When holding a "town meeting" during a visit to Strasbourg early in his term of office, President Obama told a German student, "We spend so much time talking about democracy—and obviously we should be promoting democracy everywhere we can."1 One might, of course, write a full essay about the extent to which we should or, perhaps more to the point, can, promote democracy throughout the world, but that is not my concern in this essay. Instead, I take it as a given that most Americans, regardless of political affiliation, broadly support such a commitment, even if there might be differences of opinion over the limits suggested by the "we can" at the end. If "ought implies can," after all, then perceptions of practical possibility might well temper the enthusiasm for what I would label the international "democracy project" conducted by American presidents, with various degrees of enthusiasm, at least since Woodrow Wilson (and domestically by their predecessors going back most famously to Abraham Lincoln).

The obvious issue presented by the "democracy project," whether foreign or domestic, is what counts as its achievement. If, as is patently the case, "democracy" is a model example of what political theorists have grown to call "essentially contested concepts," then different definitions may have considerably different ramifications, not only for actual effectuation but also for the normative evaluation of what is achieved. So consider President Obama's own elaboration of what he meant by "democracy":

But democracy, a well-functioning society that promotes liberty and equality and fraternity, a well-functioning society does not just depend on going to the ballot box. It also means that you're not going to be shaken down by police because the police aren't getting properly paid. It also means that if you want to start a business, you don't have to pay a bribe. I mean, there are a whole host of other factors that people need to—need to recognize in building a civil society that allows a country to be successful. ...2

A number of things might be said.

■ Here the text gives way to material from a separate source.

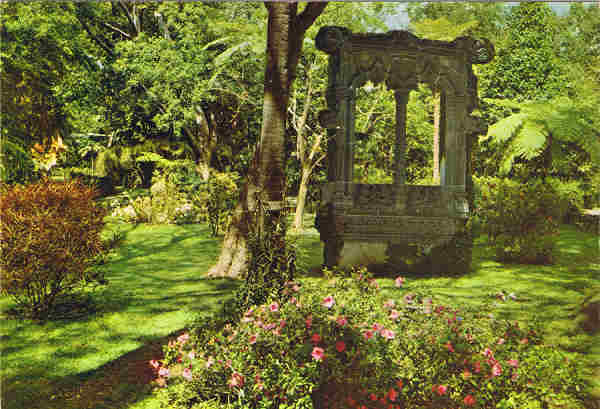 N. 90 - Museu da Quinta das Cruzes - Funchal - Trecho do parque vendo-se uma das janelas manuelinas - Ed. PERESTRELLOS-PHOTOGRAPHOS Impresso da Noruega - SD - Dim. 14,8x10,4 cm. - Col. Ftima e Manuel Bia (1975).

One is that Obama rejects a "procedural" version of democracy in favor of a stunningly substantive one, where the values of "liberty, equality, and fraternity"—one wonders what the domestic reaction in the United States would have been had he said these words in their original French!—seem to dominate the undoubted good of being able to go to the "ballot box." This, too, could be the subject of an independent essay, for it is difficult indeed to disagree with the President's comment and its reminder that a "well-functioning society," which we might describe as "democratic" requires an honest police force and civil service, in addition to the ability to participate in elections. That being said, it is also worth noting some important additional limitations of focusing on "going to the ballot box" as an index of "democracy," even if one has the boon of living in a corruption-free society that respects a wide variety of important rights. And here is where the work of James Fishkin takes center stage.

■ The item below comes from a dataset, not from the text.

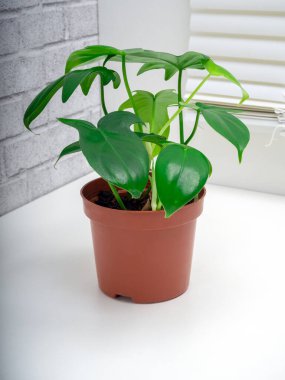 Philodendron panduriforme is a large genus of evergreen flowering perennial plants of the Aroid family clipart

One of the major contributions of Fishkin's new book, When the People Speak: Deliberative Democracy and Public Consultation, is to underscore the extent to which a robust conception of popular government cannot stop with "going to the ballot box" (and, presumably, having one's votes counted honestly). That may be a necessary condition of democracy, but in no sense should it be viewed as even close to a sufficient condition even in a regime that features an honest constabulary and civil service. Rather, as he eloquently writes, a model of "Competitive Democracy," which focuses almost exclusively on the occurrence of elections by which oppositional political parties can mount plausible challenges to the maintenance of power by current political insiders, "keeps the mechanism of democracy without its soul."3 It is unacceptable to limit "the decision-making capacity that is supposed to animate the democratic process" to "whatever competitive efforts, exercised in whatever way happens to win in a mostly unrestricted adversary process" or, even more so...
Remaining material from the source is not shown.